DATA EXTRACT ▸
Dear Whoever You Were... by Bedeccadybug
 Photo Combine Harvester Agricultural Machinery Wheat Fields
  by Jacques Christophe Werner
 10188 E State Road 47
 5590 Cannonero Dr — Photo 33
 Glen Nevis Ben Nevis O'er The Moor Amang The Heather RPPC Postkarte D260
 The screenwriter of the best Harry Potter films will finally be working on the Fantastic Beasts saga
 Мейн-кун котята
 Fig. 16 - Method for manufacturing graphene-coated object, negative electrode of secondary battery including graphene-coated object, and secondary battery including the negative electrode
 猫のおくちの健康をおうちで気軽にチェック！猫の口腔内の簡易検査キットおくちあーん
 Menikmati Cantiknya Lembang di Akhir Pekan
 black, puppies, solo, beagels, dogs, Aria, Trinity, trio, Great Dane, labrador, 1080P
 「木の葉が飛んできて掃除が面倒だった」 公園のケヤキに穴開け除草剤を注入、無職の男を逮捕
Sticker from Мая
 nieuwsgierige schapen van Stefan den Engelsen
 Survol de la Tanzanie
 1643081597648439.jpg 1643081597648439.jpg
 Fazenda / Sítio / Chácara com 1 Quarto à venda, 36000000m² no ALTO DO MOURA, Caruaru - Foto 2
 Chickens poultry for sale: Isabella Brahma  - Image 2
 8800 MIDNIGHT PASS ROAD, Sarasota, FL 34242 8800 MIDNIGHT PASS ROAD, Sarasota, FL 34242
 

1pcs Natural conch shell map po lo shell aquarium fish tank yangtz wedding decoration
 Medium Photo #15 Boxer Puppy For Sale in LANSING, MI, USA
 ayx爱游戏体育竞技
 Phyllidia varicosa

AIM OF THE EXERCISE ▸
Begin at the line above that has "Photo Combine Harvester" and stop after the line that has "Glen Nevis Ben", copying each line exactly and adding nothing else.

SOLUTION ▸
 Photo Combine Harvester Agricultural Machinery Wheat Fields
  by Jacques Christophe Werner
 10188 E State Road 47
 5590 Cannonero Dr — Photo 33
 Glen Nevis Ben Nevis O'er The Moor Amang The Heather RPPC Postkarte D260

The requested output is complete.